Aim of the task →
Send back the data below exactly. Drop every picture.

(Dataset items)

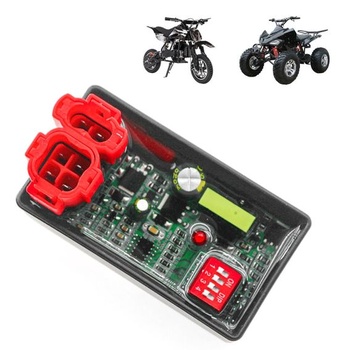 Náhrada zapaľovacieho modulu DC CDI pre GY6 50cc 90cc 110cc 125cc 150cc 200cc 250cc skúter/ATV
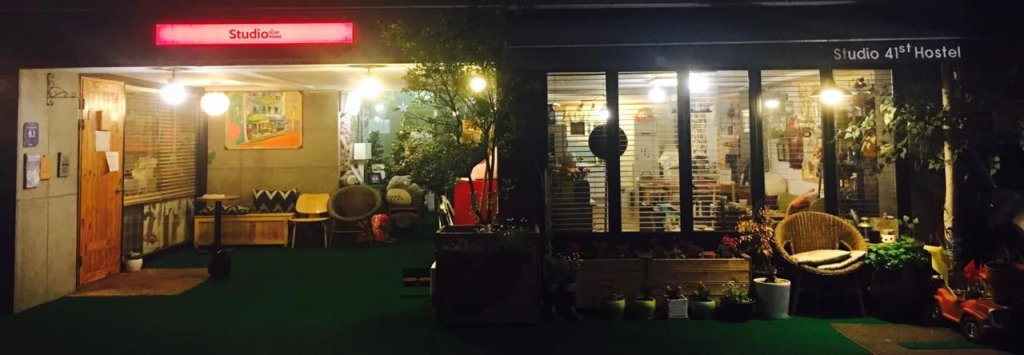 Studio 41st Seoul Korea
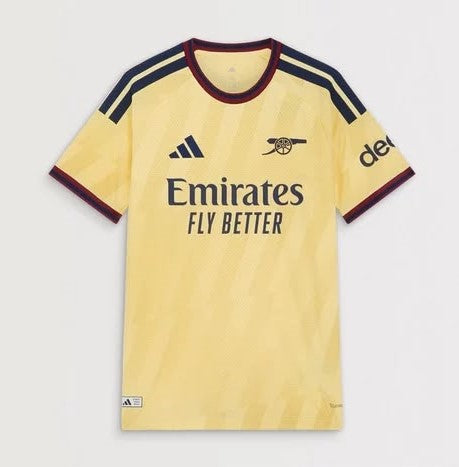 Maglia Arsenal Third 26/27 - Versione Giocatore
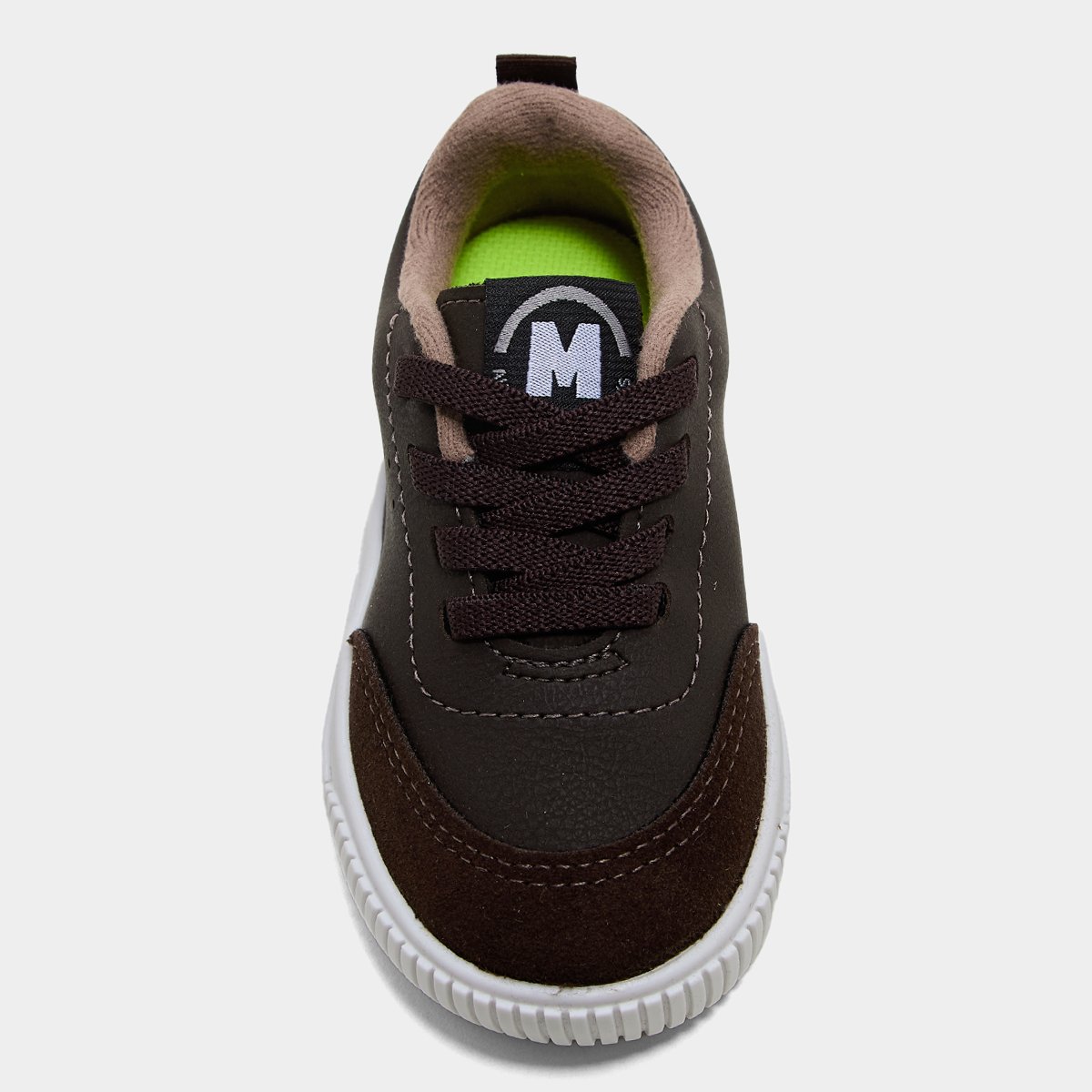 Tênis Infantil Molekinho Napa Floter Rustico Neo Masculino - 3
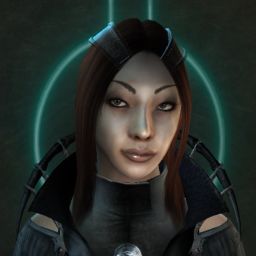 Mara Jadehawk — legacy portrait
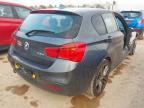 2017 BMW 1 SERIES 118D M SPORT 5DR [NAV] for sale at Copart SANDY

Result for this exercise →
 Náhrada zapaľovacieho modulu DC CDI pre GY6 50cc 90cc 110cc 125cc 150cc 200cc 250cc skúter/ATV
 Studio 41st Seoul Korea
 Maglia Arsenal Third 26/27 - Versione Giocatore
 Tênis Infantil Molekinho Napa Floter Rustico Neo Masculino - 3
 Mara Jadehawk — legacy portrait
 2017 BMW 1 SERIES 118D M SPORT 5DR [NAV] for sale at Copart SANDY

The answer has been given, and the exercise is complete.